Brian Herron


The pit of despair – when customer experience tanks

Do you recognise the shape of this graph?

Image of a line graph: The graph describes customer satisfaction
Image of a line graph: The graph describes customer satisfaction

You might if you work in banking, insurance, enterprise software, telcos… You get the idea. We see it across all of the industries we work with. The graph describes customer satisfaction from the moment of purchase through first experience and onwards into general usage of a product or service.

It shows the moment of purchase as the high point of satisfaction – when customers are all hope and trust. But it quickly plunges as customers become frustrated before eventually levelling off into a kind of fatigued acceptance. They don’t even care enough to be angry anymore. The x is where you risk losing your customer.

You want examples of what this looks like in real life?

  • You sign up with a utility company that offers a significant honeymoon deal. You’ve seen your bills creep up significantly over the last three years, but the company is still going gangbusters with attractive sign up offers to new customers – even better than the one you were offered. Where is the love for you as a loyal customer?
  • A life insurance investment product purchased over a fifteen year term. You’re putting away significant amounts of money each month into an account to go towards a kid’s third level education. You’re excited at first to get moving on this. But then it’s hard to access the information about the policy to see how you’re doing. And when/if you get your yearly statement by post, you’re surprised that charges are negating any growth on the capital. This doesn’t look like what was promised.

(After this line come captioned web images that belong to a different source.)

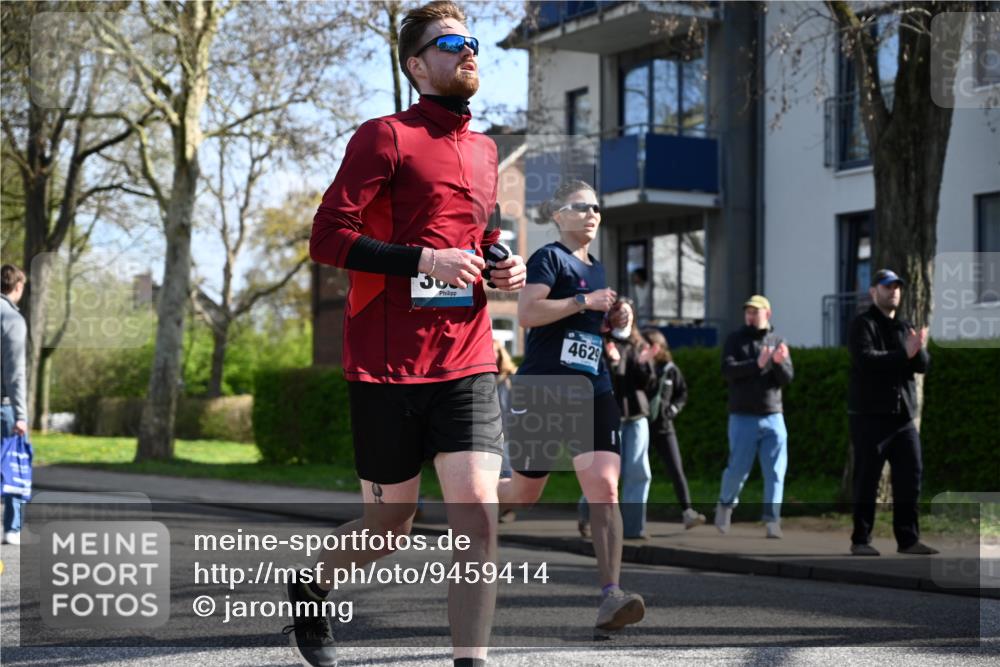 12.04.2026 - 45. Internationalen Wilhelmsburger Insellauf J. Mangold http://msf.ph/oto/9459414 12.04.2026 10:39:50 Ziel 4522, 3442, 5688, 3834, 4629, 4401, 2100, 4490, 3781, 3785, 2711, 3144, 5606, 3702, 4907, 2525, 3677, 2379 meine-sportfotos.de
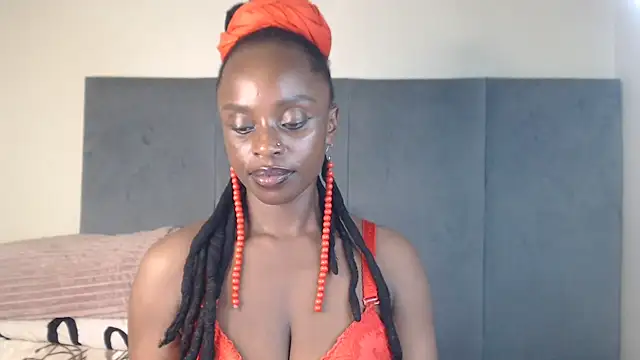 Snapshot of Jah-Queen chatting on October 3, 2025, 8:32 pm Jah-Queen online show from October 3, 2025, 8:32 pm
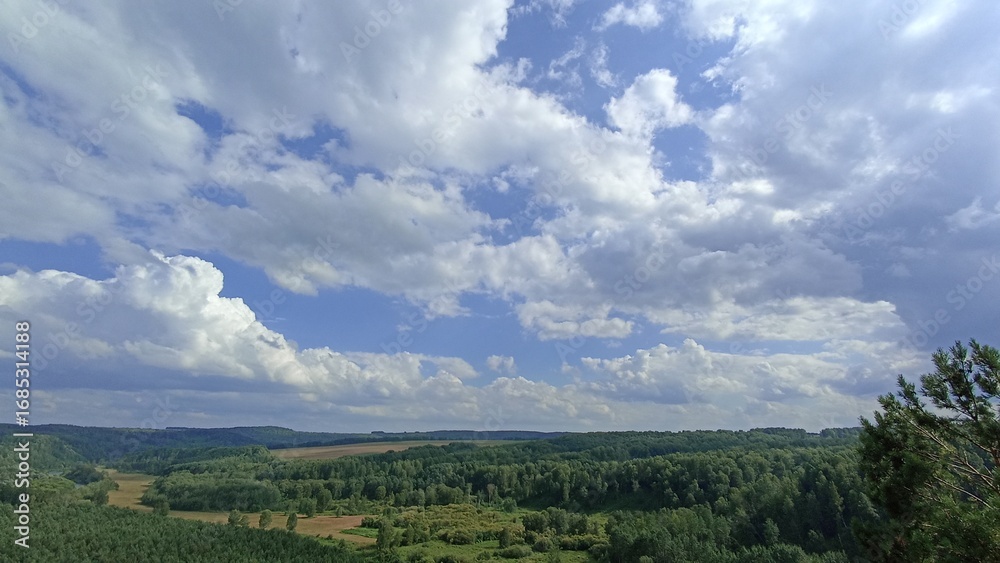 Obraz premium Lush Green Landscape Under a Dramatic Sky A Serene Vista of Nature s Beauty and Wonder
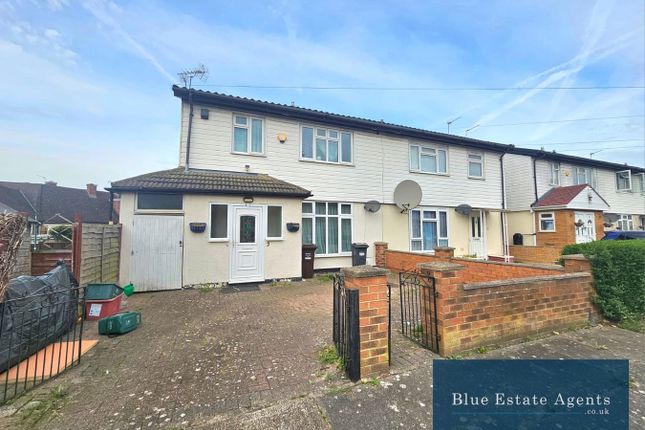 4 bed property, in Cedar Road, £399,950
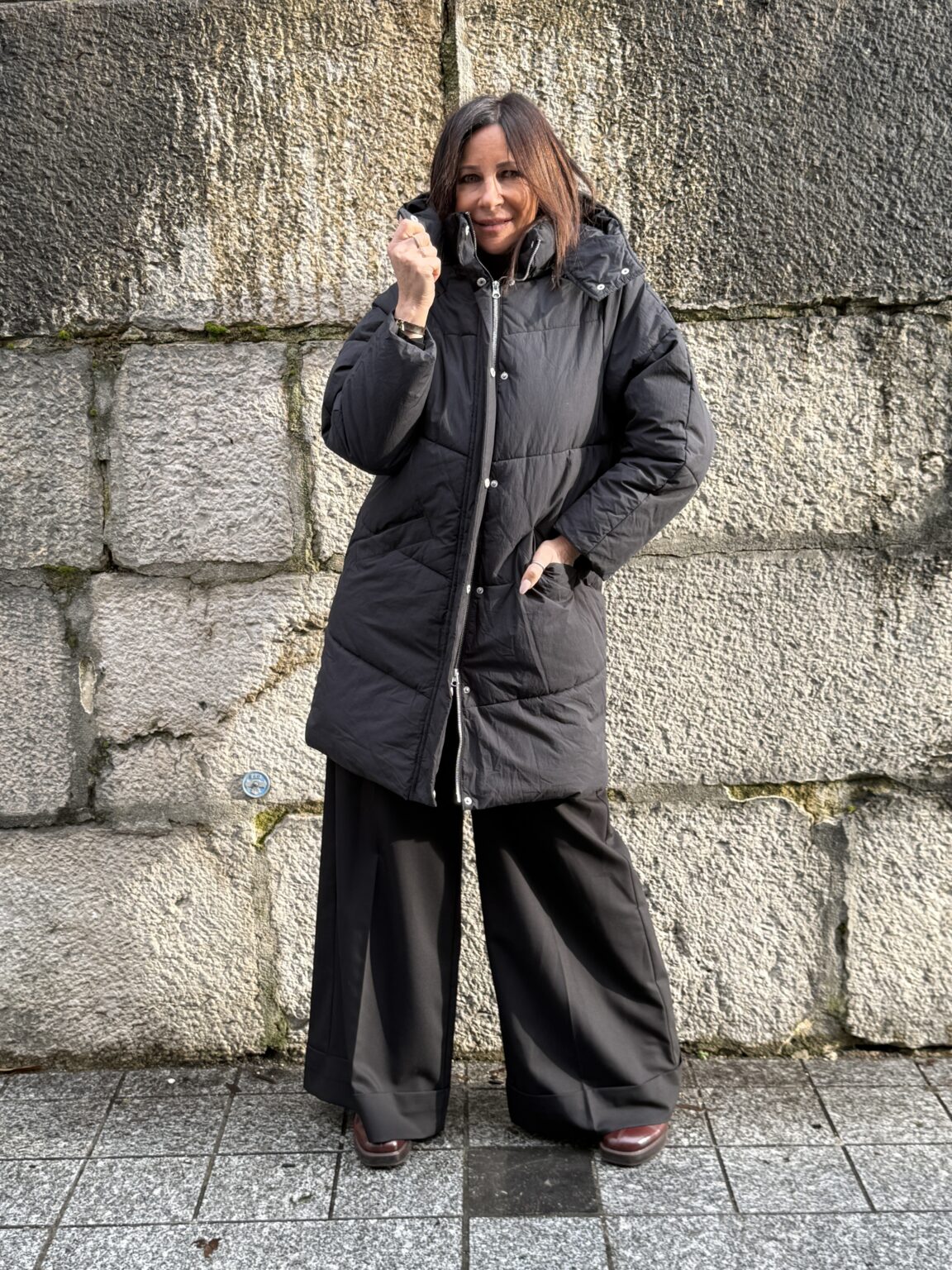 doudoune longue matelassée à capuche noir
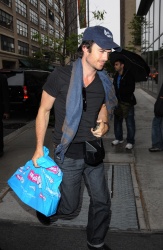 Ian Somerhalder - Out and About in New York City 2012.05.07 - 5xHQ Vxgim4Mt
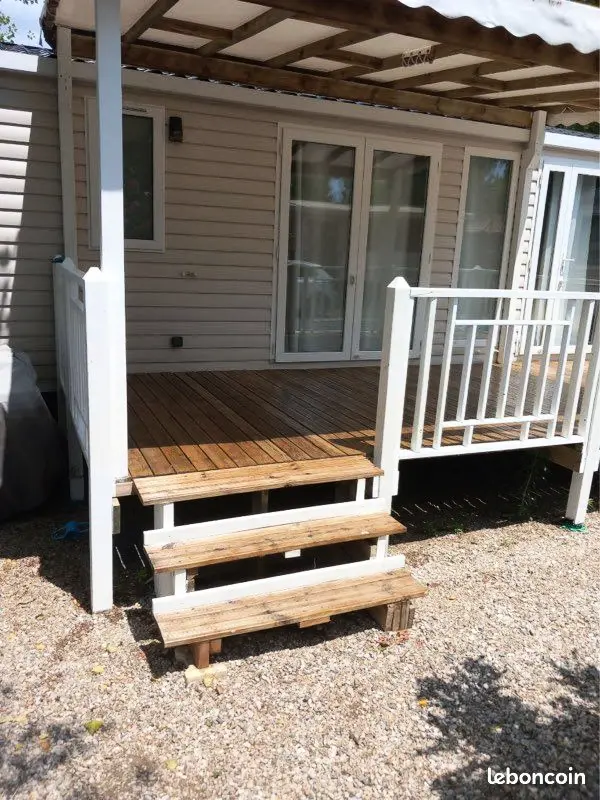 Résidence Mobilhome 3 Chambres - 8 Personnes La Carabasse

This graph is what happens when basic expectations are not met, when the promise of the product doesn’t match the reality, or there is no perceivable ongoing value for the client. We call it the Pit of Despair – you remember Westley in the Princess Bride on the Machine sucking out years of his life at a go while our hero weeps? This is customer experience in 2017.

Once the sale is made, people start using the product or service. They start to measure your sales pitch against the actual customer experience. This is where the dip starts.

It could be an actual screw up: a poor onboarding experience, a problem with set up, an early mistake on a bill, a mis-sold product. Or, depending on the product, a company might go completely hands off – you only hear from them when they want to market something to you.

When we show something like this, based on research, to our clients, they ask what is causing this and how can we fix it? And that usually leads to a very long conversation.

Because nearly always this is ‘death by a thousand cuts’. There is often no single feature or issue that causes this tanking. Therefore there is no single solution.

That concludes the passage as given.